This section is dominated by an impressive set of unusually large engravings of a view of the Brooklyn Bridge in New York, each coloured differently, by the exhibition curator, Anne Desmet. Desmet is on record as saying the sequence was in part inspired by Monet’s set of paintings of the facade of Rouen Cathedral at different times of day. They can be viewed on Desmet’s website.

This section also contains some interesting technical experiments by Desmet. ‘Babel Tower Revisited’ (2018) is round and uses slightly convex glass cover so give the impression the image is bulging out into the room. ‘Fires of London’ (2015) in which slender prints of engravings of the Great Fire have been cut out to form narrow tall images and glued onto 18 razor shells.

It also contains the striking (and tinted) ‘Petra I’ by Geri Waddington (2004).

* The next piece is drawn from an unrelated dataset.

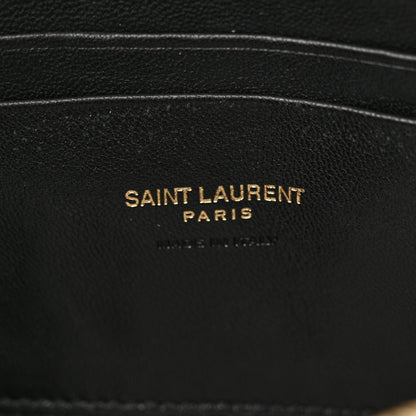 Saint Laurent Grain De Poudre Matelasse Monogram Mini Lou Camera Bag Dark Beige 6 of 11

‘Petra I’ by Geri Waddington (2004)

6. Storytelling (books)

Wood engraving is nowadays both an independent, creative art form and a versatile medium for commercial images. A display case demonstrates how the tendency to simplify and abstract subject matter can result in very striking images which can be used for book illustration. There are illustrations of Coleridge’s Ancient Mariner (by Garrick Palmer, 1994) and Goblin Market (Hilary Paynter, 2003).

More commercially, editions of J.K. Rowling’s Harry Potter books have been printed with dramatic wood engraved front covers by Andrew Davidson (2013). And, best of all, the fabulous engravings produced by Chris Wormell for Philip Pullman’s ‘His Dark Materials’ sequence of novels, which are outstanding.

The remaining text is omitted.